Un filial lanzado que puede cambiar el futuro inmediato del Deportivo
El Deportivo Fabril está a un paso de dar un salto competitivo clave que va mucho más allá de un simple ascenso. El equipo dirigido por Manuel Pablo acaricia la Primera RFEF y, con ello, la posibilidad de convertirse en una auténtica autopista hacia el primer equipo del Deportivo de La Coruña.
El escenario es claro: el filial coruñés tiene el ascenso en su mano a falta de varias jornadas, aunque todavía depende de combinaciones externas. Pero más allá de los cálculos, lo que ya es incuestionable es el impacto estructural que tendría este salto en la planificación deportiva del club.
Un trampolín competitivo para acelerar talentos
El posible ascenso del Fabril supondría competir en una categoría donde el nivel físico, táctico y competitivo se acerca mucho más al fútbol profesional. Ese contexto es oro puro para una cantera que lleva tiempo generando talento.
Jugadores como el joven delantero Dipanda, que ya se ha destapado como referencia ofensiva, o perfiles como Dani Estévez, Noé Carrillo o Samu Fernández representan una generación que pide paso. Competir en Primera RFEF les permitiría medirse a defensas curtidos, acelerar su toma de decisiones y, sobre todo, estar preparados para dar el salto al primer equipo.
Aquí entra en juego el técnico Antonio Hidalgo, que podría encontrar en el filial una fuente constante de refuerzos con ritmo real de competición.
El puzzle de la plantilla: contratos, edades y decisiones clave
El crecimiento del Fabril también obliga a afinar la planificación. No todos los futbolistas podrán seguir el mismo camino.
Varios jugadores superarán pronto la barrera sub-23, lo que limita su compatibilidad entre filial y primer equipo en próximas temporadas. Nombres como Damián Canedo, Aarón Sánchez o Kike Fernández entran en ese escenario donde el club deberá decidir: continuidad, cesión o salida.
A esto se suma otro factor estratégico: contratos que finalizan en junio. Futbolistas importantes como Quique Teijo, Iker Vidal o Fabi Urzain están en una situación contractual que obliga a mover ficha si el club quiere consolidar el bloque.

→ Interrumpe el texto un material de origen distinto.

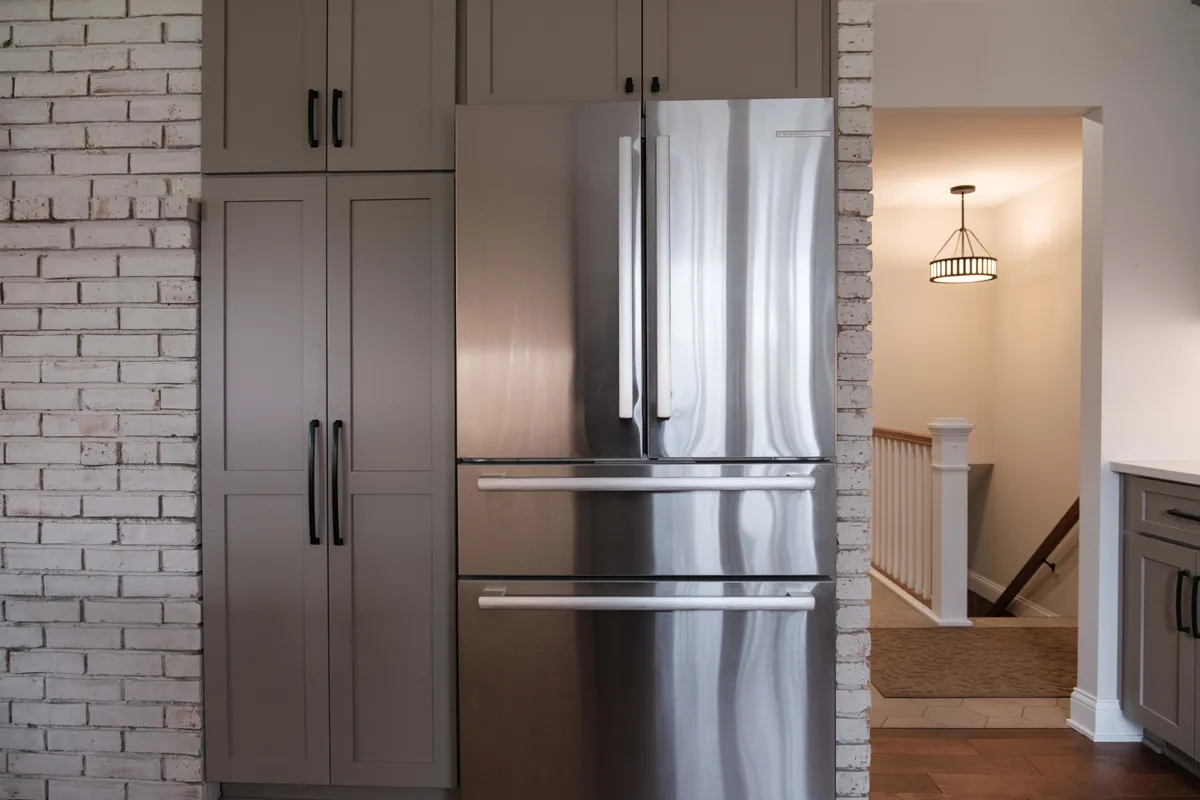 Detail of the refrigerator framed by the original brick, reworked into the new kitchen layout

Los cedidos: una segunda hornada lista para regresar
El crecimiento del Fabril no se entiende sin mirar fuera. Hasta una decena de canteranos están sumando minutos en equipos de la Primera Federación, lo que multiplica las opciones del Deportivo.

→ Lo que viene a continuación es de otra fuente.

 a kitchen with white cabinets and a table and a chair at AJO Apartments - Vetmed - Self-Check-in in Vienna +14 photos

Casos como Diego Gómez en el Pontevedra o Kevin Sánchez en el Cartagena reflejan una estrategia clara: foguear talento en contextos exigentes. Otros, como Rubén López o Luisao Macías, avanzan con más dificultades, pero siguen dentro del radar.
Especial atención merece Jairo Noriega, cuyo perfil queda condicionado por la edad, siendo el único que no podrá encajar en el modelo sub-23 del futuro Fabril.

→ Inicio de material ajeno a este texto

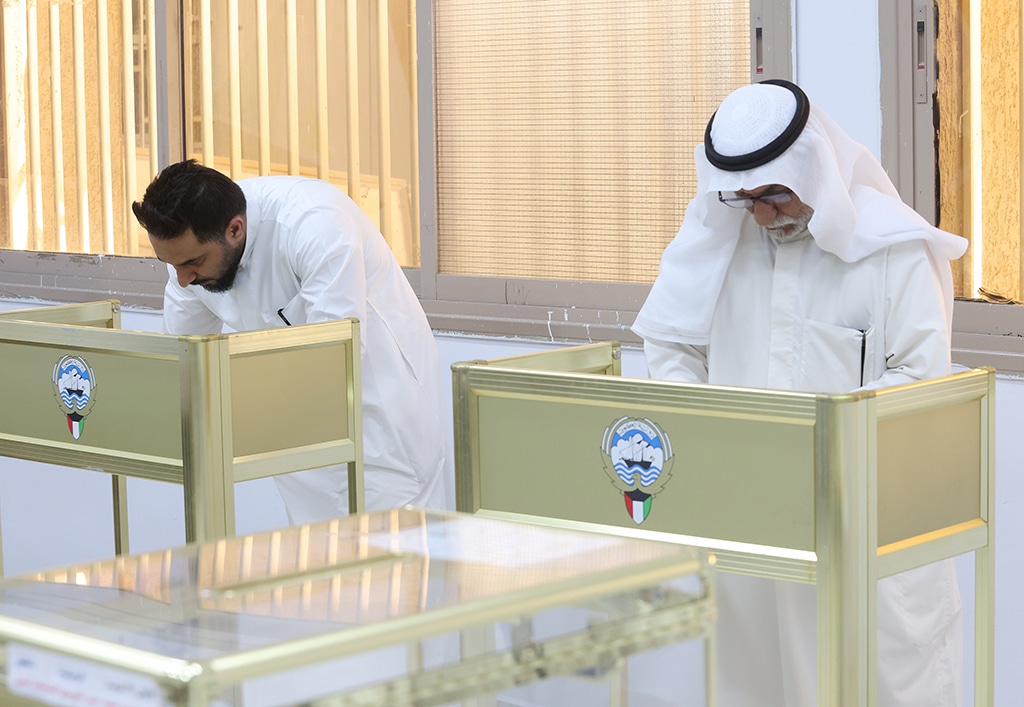 Kuwaiti men cast their votes during parliamentary elections in Kuwait City on June 6, 2023.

La cantera no se detiene: nueva generación en camino
El flujo de talento en Abegondo no se detiene. Desde el Juvenil de División de Honor ya asoman nombres que apuntan alto.
Lucas Castro, máximo goleador, o el prometedor Mauro Valeiro, con apenas 16 años, representan la siguiente ola. A ellos se suman perfiles como Álvaro Fraga, Iker Gil o Xabi Campos, varios de ellos ya con experiencias puntuales en dinámica del filial.
Esto dibuja un ecosistema en el que el Fabril no solo compite, sino que alimenta constantemente al Deportivo.
Impacto en la clasificación y en el proyecto deportivo
El ascenso del Fabril no solo es una cuestión de categoría, es una palanca estratégica para el club. En un contexto donde el Deportivo busca estabilidad y crecimiento, contar con un filial en Primera RFEF supone:
- Mayor control sobre la evolución de los jóvenes
- Menor dependencia del mercado de fichajes
- Una transición más natural hacia el fútbol profesional
Además, permitiría al club competir con estructuras similares a las de grandes canteras del fútbol español.
Próximos pasos: el ascenso, cuestión de tiempo
A corto plazo, el Fabril sigue centrado en cerrar matemáticamente el objetivo. El calendario aprieta, pero las sensaciones son claras: el equipo ha sido uno de los más sólidos del grupo.
Si no llega esta jornada, todo apunta a que será cuestión de días. Y cuando ocurra, no será solo un ascenso… será un cambio de dimensión.